The fire, which began in the third floor common room, quickly spread throughout the dorm reaching temperatures of 1500 degrees Fahrenheit. After months of students pulling the fire alarms as pranks, students were hesitant to leave their beds for the cold January night. Two students were killed by the intense heat and a third from smoke inhalation.
Two sophomore boys started the Seton Hall fire around 4:30 a.m. as a prank after spending the night celebrating their basketball’s team surprising win. The perpetrators fled the scene and it took law enforcement over three years to identify and arrest them.
“We don’t have any malice towards them,” said Simons. “Their actions were not malicious.”

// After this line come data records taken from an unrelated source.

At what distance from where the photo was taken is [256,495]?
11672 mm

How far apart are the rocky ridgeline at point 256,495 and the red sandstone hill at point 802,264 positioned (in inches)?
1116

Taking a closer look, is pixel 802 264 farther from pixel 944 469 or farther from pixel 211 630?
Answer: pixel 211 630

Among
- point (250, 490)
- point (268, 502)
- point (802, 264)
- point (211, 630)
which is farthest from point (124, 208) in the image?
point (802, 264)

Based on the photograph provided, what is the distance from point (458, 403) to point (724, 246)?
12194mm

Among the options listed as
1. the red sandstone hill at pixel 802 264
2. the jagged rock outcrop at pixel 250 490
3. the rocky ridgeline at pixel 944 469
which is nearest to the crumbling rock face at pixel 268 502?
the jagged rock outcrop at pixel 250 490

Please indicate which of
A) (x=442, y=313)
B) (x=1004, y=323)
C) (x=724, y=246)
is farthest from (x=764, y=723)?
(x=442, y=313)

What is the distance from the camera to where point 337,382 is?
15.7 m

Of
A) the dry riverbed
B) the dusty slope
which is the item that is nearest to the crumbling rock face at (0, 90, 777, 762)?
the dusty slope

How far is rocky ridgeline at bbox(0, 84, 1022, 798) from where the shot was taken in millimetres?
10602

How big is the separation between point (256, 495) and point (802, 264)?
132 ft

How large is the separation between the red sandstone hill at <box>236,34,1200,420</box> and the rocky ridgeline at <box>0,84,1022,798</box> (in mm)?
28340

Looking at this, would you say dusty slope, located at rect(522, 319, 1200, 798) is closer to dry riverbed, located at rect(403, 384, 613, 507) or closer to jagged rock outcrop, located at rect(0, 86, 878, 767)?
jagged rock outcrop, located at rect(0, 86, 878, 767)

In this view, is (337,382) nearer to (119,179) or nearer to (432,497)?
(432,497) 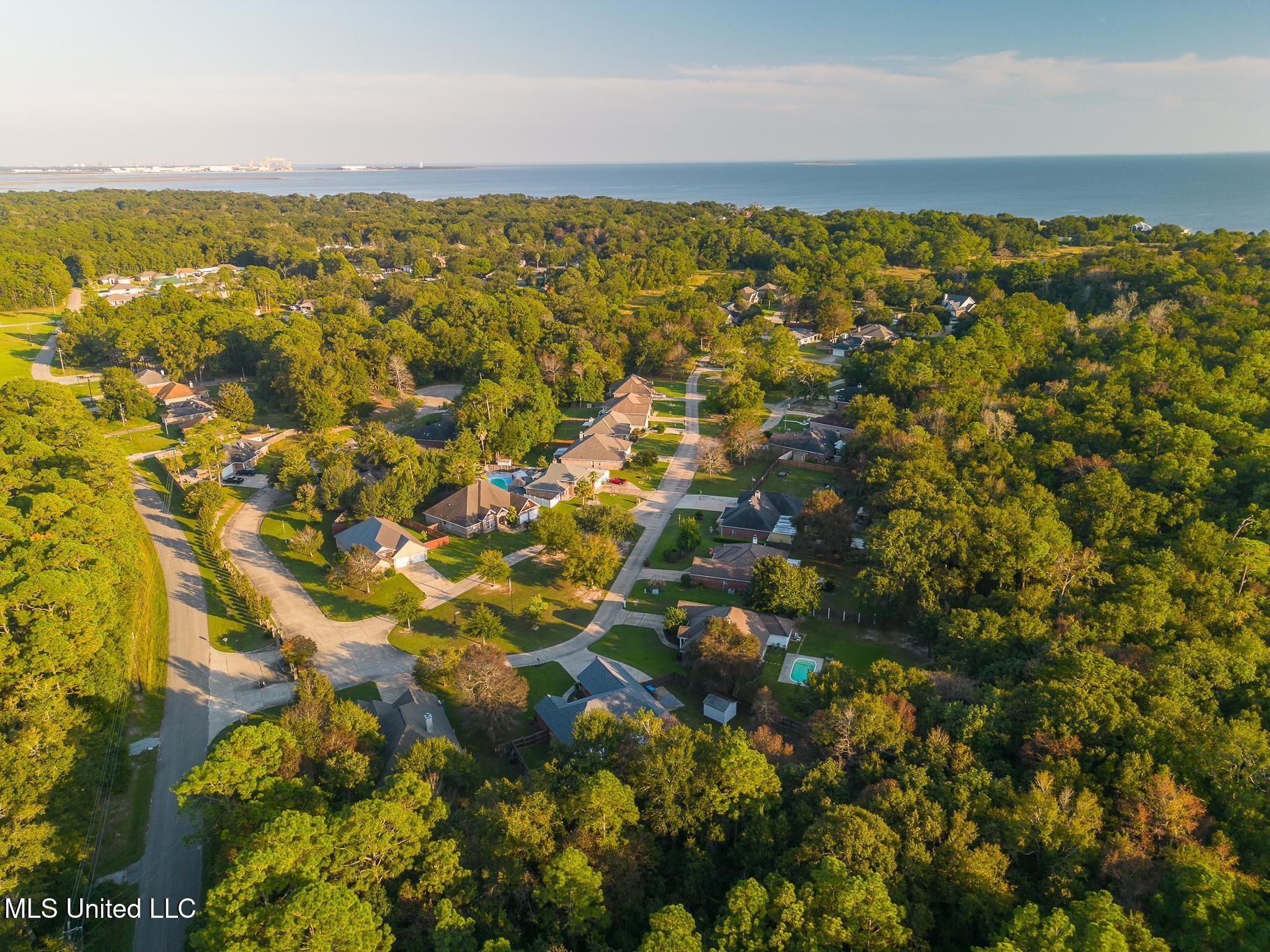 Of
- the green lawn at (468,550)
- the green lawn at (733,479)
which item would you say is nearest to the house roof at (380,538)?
the green lawn at (468,550)

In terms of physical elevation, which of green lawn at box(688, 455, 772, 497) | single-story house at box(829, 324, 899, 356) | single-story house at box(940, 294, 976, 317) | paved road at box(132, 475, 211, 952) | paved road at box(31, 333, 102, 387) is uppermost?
single-story house at box(940, 294, 976, 317)

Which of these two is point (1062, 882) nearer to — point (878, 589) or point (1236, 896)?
point (1236, 896)

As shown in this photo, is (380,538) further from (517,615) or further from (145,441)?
(145,441)

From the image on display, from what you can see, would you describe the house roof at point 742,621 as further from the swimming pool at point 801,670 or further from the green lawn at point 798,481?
the green lawn at point 798,481

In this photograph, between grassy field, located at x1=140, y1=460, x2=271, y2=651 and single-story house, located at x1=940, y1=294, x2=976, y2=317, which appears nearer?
grassy field, located at x1=140, y1=460, x2=271, y2=651

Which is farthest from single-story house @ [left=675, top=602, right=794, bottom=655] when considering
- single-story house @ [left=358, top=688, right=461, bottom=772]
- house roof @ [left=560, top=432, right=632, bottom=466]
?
house roof @ [left=560, top=432, right=632, bottom=466]

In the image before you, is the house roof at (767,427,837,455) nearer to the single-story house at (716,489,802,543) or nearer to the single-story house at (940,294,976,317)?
the single-story house at (716,489,802,543)

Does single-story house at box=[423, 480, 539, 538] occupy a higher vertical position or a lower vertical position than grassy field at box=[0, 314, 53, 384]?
lower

While neither Llanos nor Simons expressed anger at the arsonists, many of those interviewed in the documentary were unable to contain their disgust and resentment. The arsonists, Sean Ryan and Joseph LePore, accepted a plea and were sentenced to five years in prison but were eligible for parole 16 months later.
The documentary focused on the boys’ recovery. Llanos was burnt on over 60 percent of his body and had more than 30 surgeries over the five years after the fire. Simons was burnt on 16 percent of his body with 3rd degree burns on his hands from crawling on the carpet as it melted beneath him. They are now both married with children.
After finishing the documentary they turned to the audience, “You can ask us any questions,” said Simons. “We kind of do this as our therapy…so no other student has to go through what we did.”
Both Simons and Llanos acknowledged that the incident drew attention to a lack of fire safety standards. The dorm was lacking fire sprinklers and other fire hazards may have gone unnoticed. The tragedy caused New Jersey to be the first state to enact laws making sprinklers mandatory in college dorms; other states and colleges soon followed. This year marks the 10th anniversary that Hamilton has changed their fire safety procedure.
“We didn’t do full wall-to-wall inspections before,” said Hansen, explaining that the local code enforcer, who was previously responsible for fire safety, has a separate full time job. “We now check close to 40 percent of rooms.”
A photograph of the remnants of the third floor Boland Hall common room shows the burnt wooden frames of three couches and a board posted by the RA in the background. The couches are the same ones that are seen in Hamilton common rooms. Remembered Llanos, “we were 18 year old kids, I felt unstoppable.”